# Questions Concerning Commissioning in a Church Service



## Marrow Man (Aug 19, 2010)

The ARP Directory of Public Worship makes a distinction between installation of an officer (by which it means elders and deacons) and commissioning of a non-ordained person.

Here is the relevant paragraph for installation to church office:



> Installation is the solemn act of placing in office those who
> have been elected and lawfully ordained to the office. Those
> who are installed in an office to which they have previously
> been ordained are not ordained again. Ordination to an
> ...



Here is the section on commissioning:



> A commissioning, which is distinct from ordination to church
> office, is the solemn recognition of a person as set apart for a
> particular work of ministry. The ministry in view may be of
> a continuing nature, as in the appointment of a missionary, a
> ...



I have never done such a service (commissioning, that is).
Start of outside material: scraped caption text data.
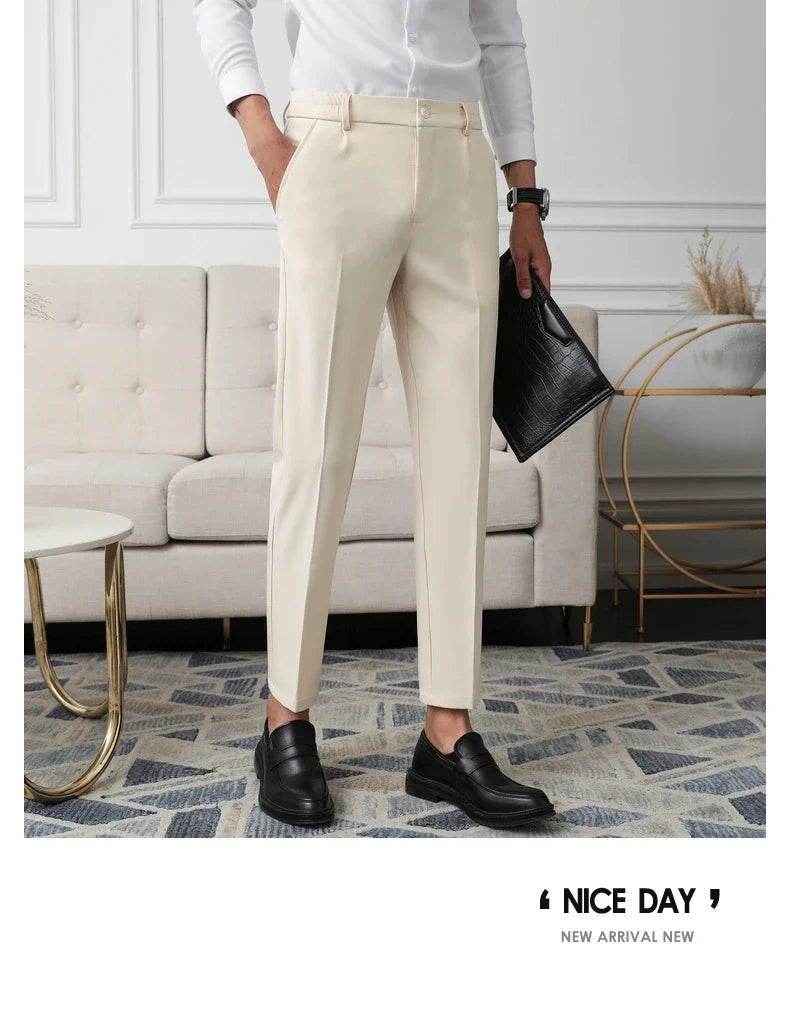 New Men Non-iron fabric Dress Pants Slim Straight Black Apricot Dark Gray Casual Suit Pants Male Business Little Feet Suit pants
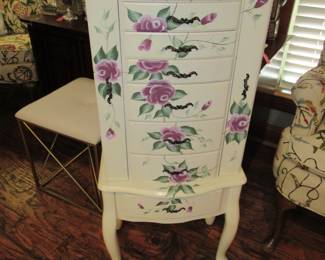 Painted jewelry armoire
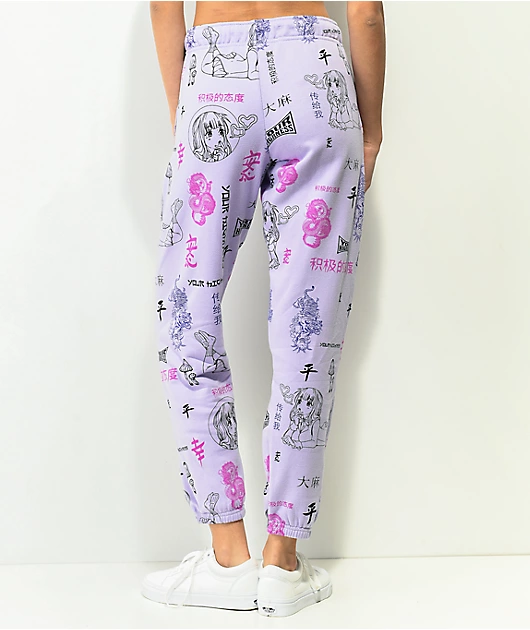 Your Highness Puff Puff AOP Purple Sweatpants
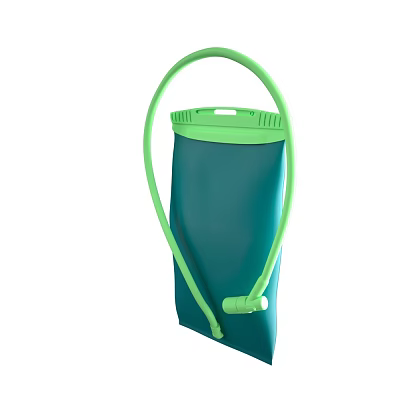 Portable Teal Green Water Storage Bag With Long Hose And Top Lid 3d model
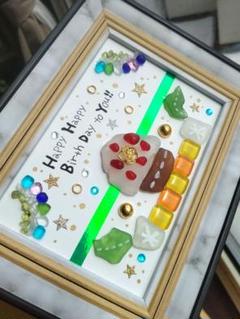 シーグラスアート 2点セット マカロン＆カップケーキの通販 by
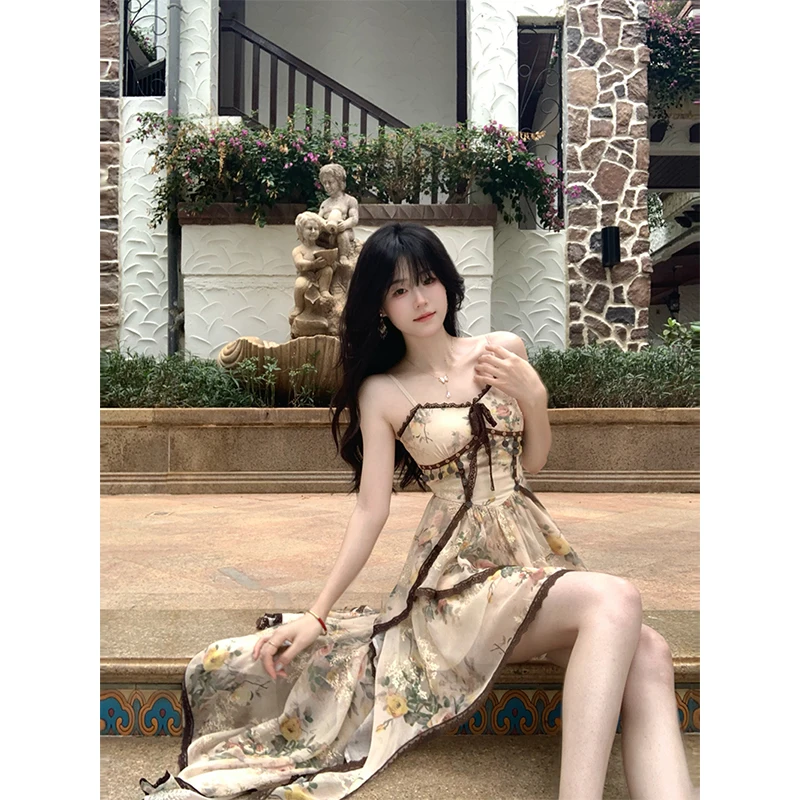 Abito longuette irregolare vintage Donna Boho Vacanza Abiti floreali con cinturino per spaghetti Festa estiva Coreano Ruffles Abiti aderenti Nuovo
I know that there are services (sometimes special evening services) held for the commissioning of a missionary before he prepares to go out on the mission field (in some ways, similar to a service for the installation/ordination of a minister). I don't think I've ever seen any of the non-ordained "commissionings" mentioned in the DoPW, however.

My first questions are addressed primarily to ARPs: Have you ever done such a commissioning service? If so, how did you conduct it? Was it a part of a regular worship service? Who exactly was commissioned? Did it involved women (as in "women's, youth, or children's ministries"). If so, did you do anything to make sure that the congregation understood that this was different from an installation for church office? Did the congregation find it confusing?

For those of you from other presbyterian backgrounds: Do you have similar provisions in your governance standards? If so, how do you (or would you) handle such a service?

I am very reluctant to include such a thing as a part of an ordinary worship service. Also, I do not want this to turn into a Tim Keller bashing thread; those things might be referenced, but please do not go down that road.


----------



## Kevin (Aug 19, 2010)

Pastor Tim, I have seen a couple. They looked like or were similar to ordinations. They were not confusing because we were told what it was. Several people were involved, including women. The commissioning was similar to ordination in that included, charges & prayers, but was very brief. It came at the end of the sermon (topical) and did not include laying on of hands.

I have seen them for Sunday School teachers & VBS workers.

in my opinion they were a great idea. It really impressed on everyone the serious Spiritual nature of the work that was being undertaken


----------